*** EXCERPTED RECORDS ***
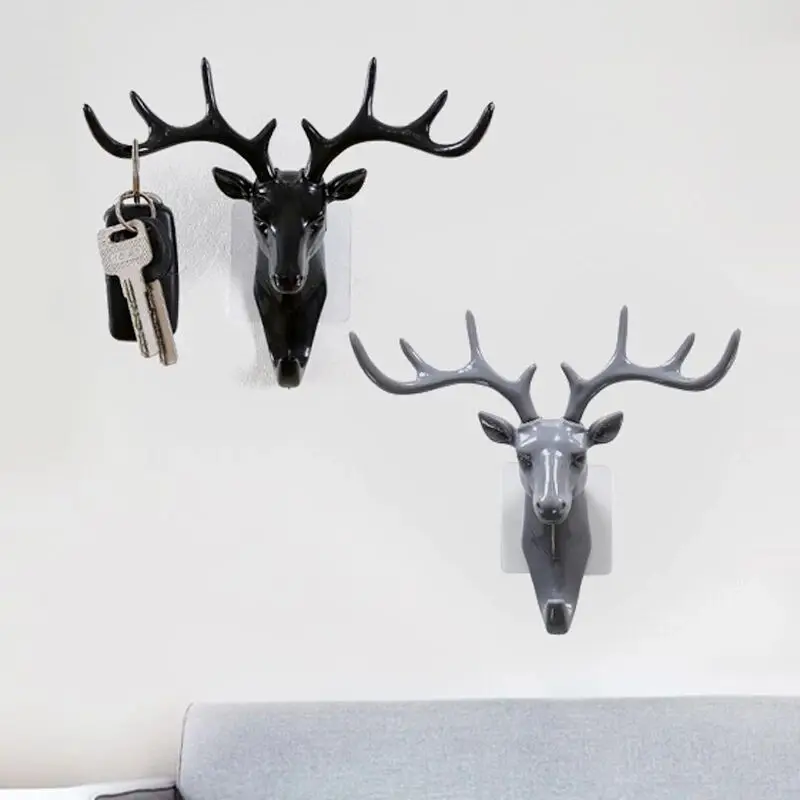 American Style Antlers Hook Retro Deer Head Hanging Wall Hooks Bags Coat Hat Hanger Key Holder Organizer Storage Rack Home Decor
American Style Antlers Hook Retro Deer Head Hanging Wall Hooks Bags Coat Hat Hanger Key Holder Organizer Storage Rack Home Decor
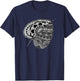 Peepal Leaf T-Shirt - T-Shirt | Navy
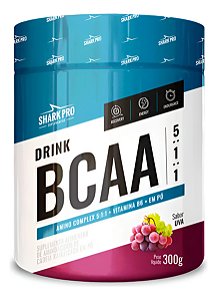 BCAA EM PO - BCAA DRINK 5:1:1 - 300G -  UVA SHARK PRO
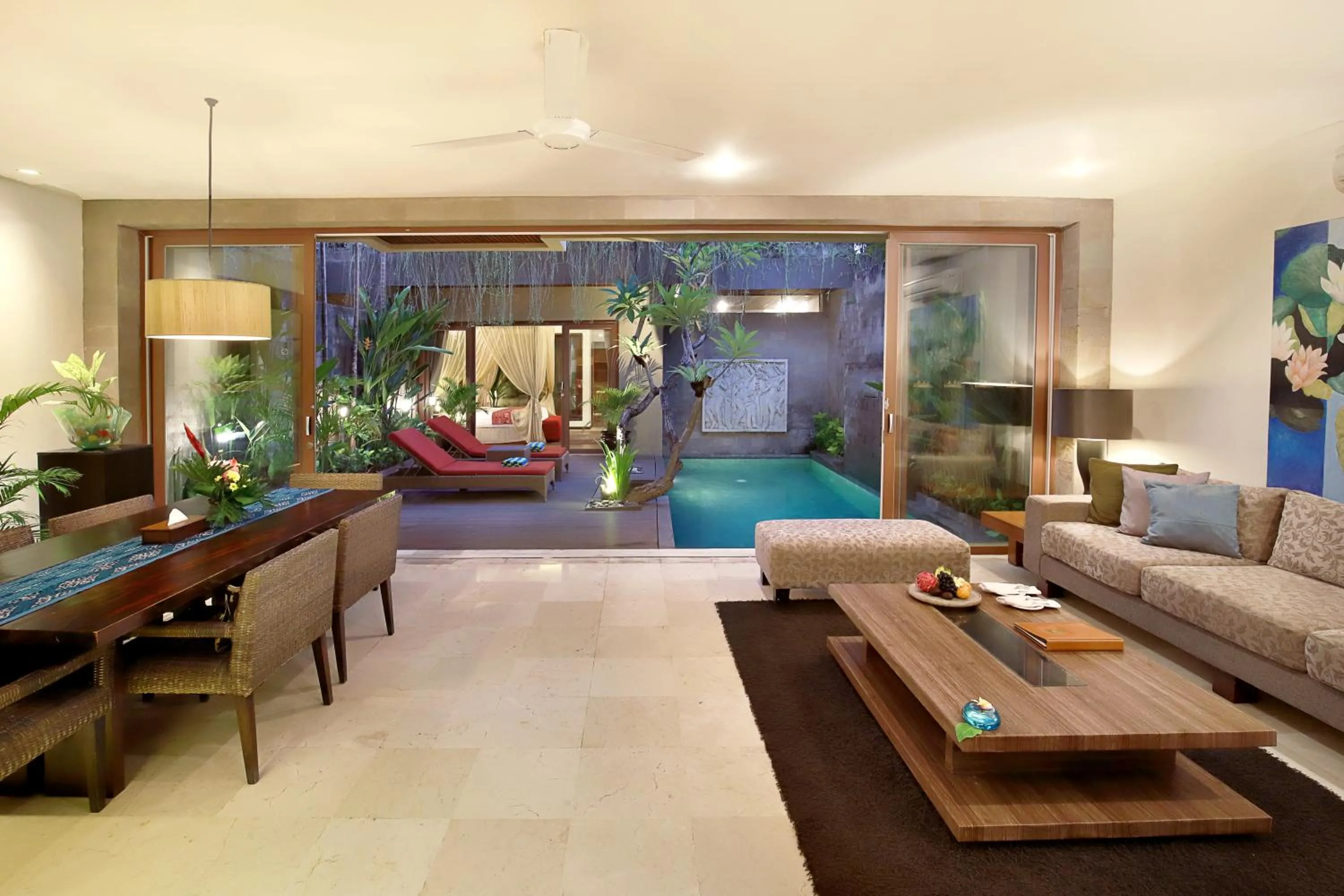 Living room in Kanishka Villas
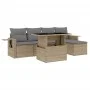 Gartensofa-Set mit 6-teiligen Kissen aus synthetischem Rattan in Beige. von , Gartensets - Ref: Foro24-3267869, Preis: 398,61...
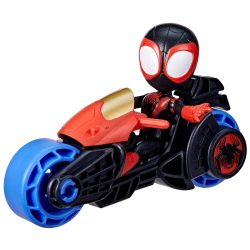 Hasbro Marvel Spidey Amazing Friends - Фигурка Майлза Моралеса на мотоцикле / артикул   F6777 F7460  / GTIN 5010994181598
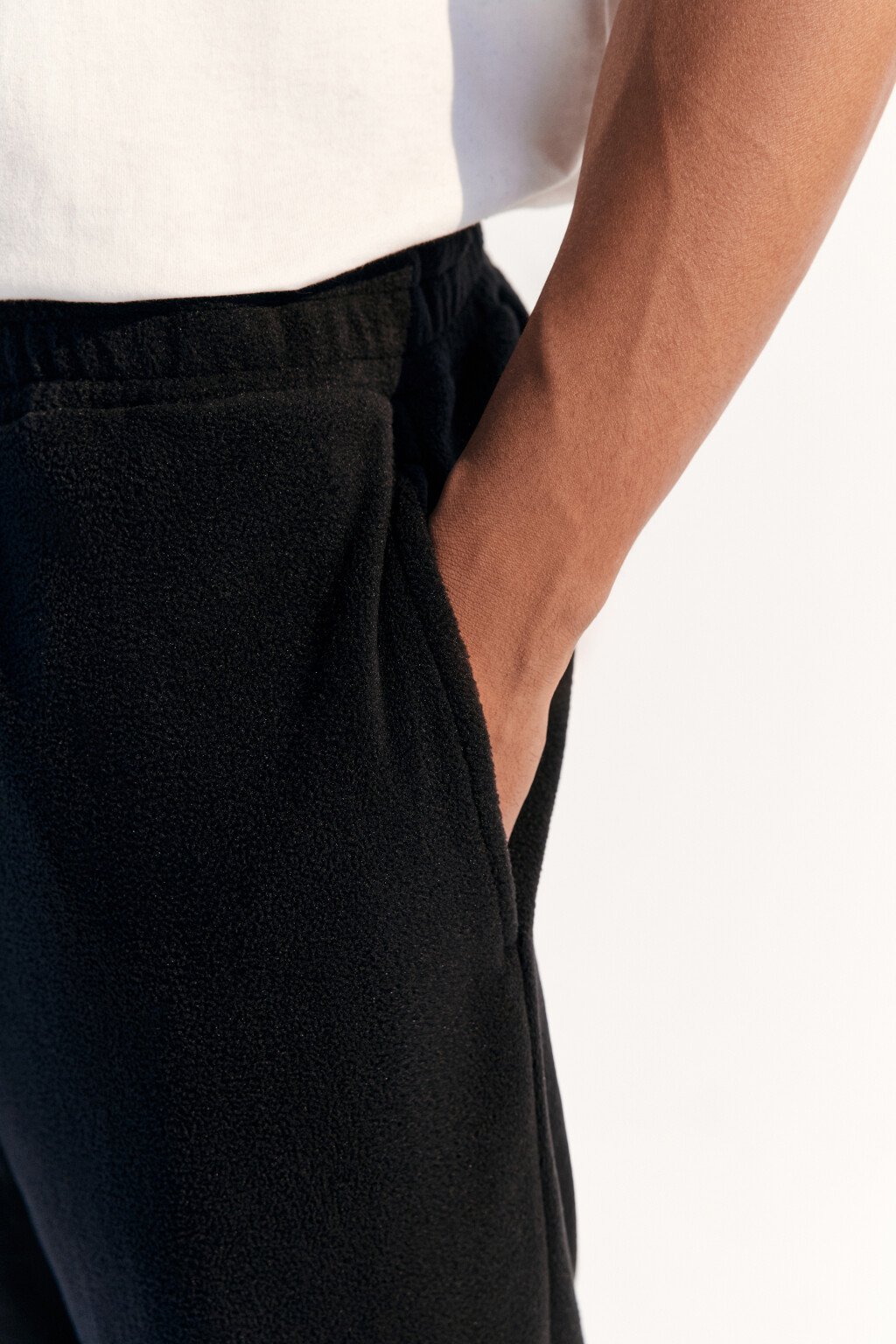 Брюки-джоггеры спортивные - цвет черный - 6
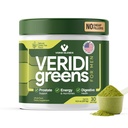 Veridi Zielone dla mężczyzn 40 + 124; Codzienne Superfood Zielone Proszek dla Prostate Health, Hormon & Wsparcie energetyczne 124; Premium USA Miesza się z Spirulina, Saw Palmetto, Cynk & Enzymy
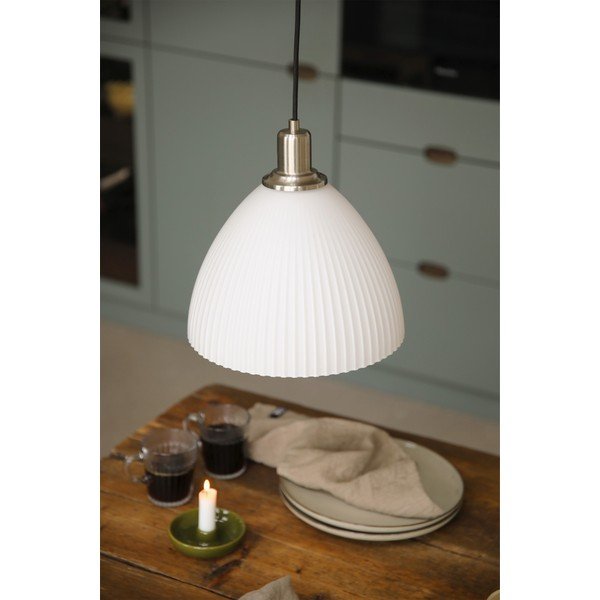 Lustră albă din sticlă ø27,5x28 cm Ro – Markslöjd-image-1
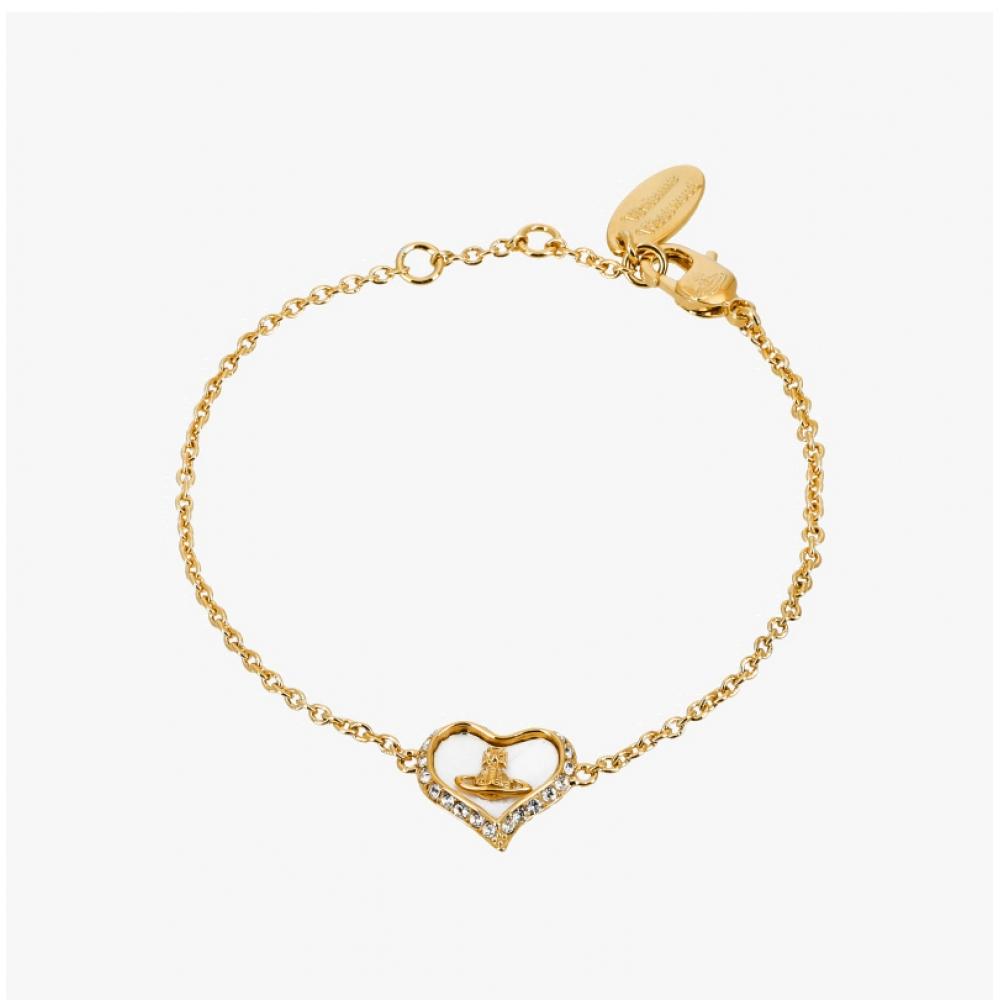 Vivienne Westwood 61020060 02r782 Petra Heart Bracelet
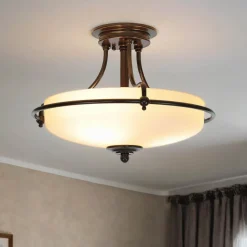 Deckenleuchte ASPERO Bronze Ø43cm Flur Lampe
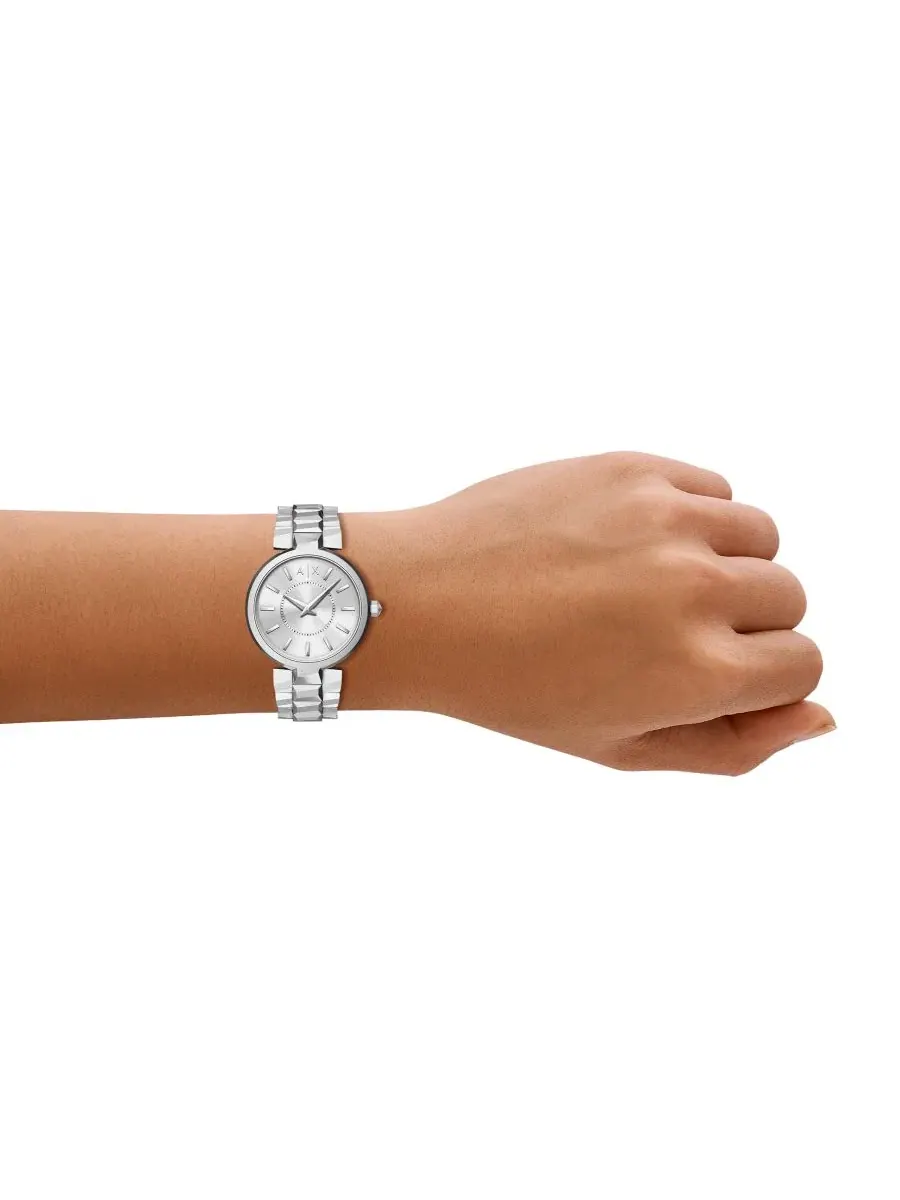 Женские часы Audora Two-Hand из нержавеющей стали A|X Armani Exchange — изображение 7 из 7, оттенок серебряный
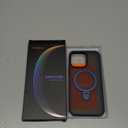 TORRAS Magnetic Ostand for iPhone 15 Pro Max Case, [Military Grade Drop Tested] [Compatible with MagSafe][Build-in Kickstand] Translucent Slim Soft Edge Anti-Fingerprint 6.7" 2023, Blue Titanium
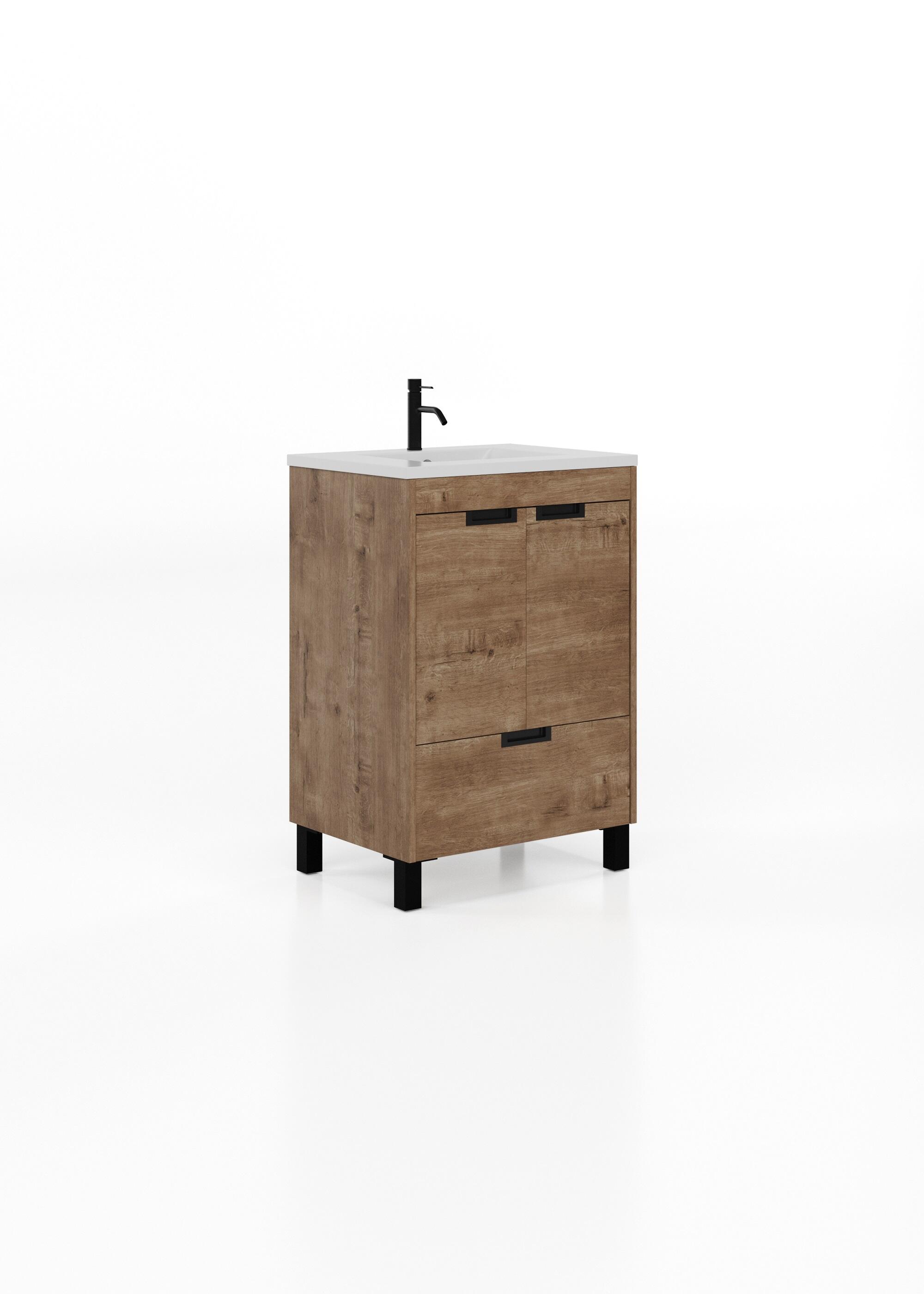 Mueble de baño carol roble claro 60x45 cm (lavabo no incluido)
*** End of EXCERPTED RECORDS ***
▶ **YOUR GOAL**: Nothing but the lines from the start of the records above through the line with "BCAA EM PO - BCAA" should be retyped, each exactly as written; leave out all pictures.

▶ **TASK ANSWER**:
 American Style Antlers Hook Retro Deer Head Hanging Wall Hooks Bags Coat Hat Hanger Key Holder Organizer Storage Rack Home Decor
American Style Antlers Hook Retro Deer Head Hanging Wall Hooks Bags Coat Hat Hanger Key Holder Organizer Storage Rack Home Decor
 Peepal Leaf T-Shirt - T-Shirt | Navy
 BCAA EM PO - BCAA DRINK 5:1:1 - 300G -  UVA SHARK PRO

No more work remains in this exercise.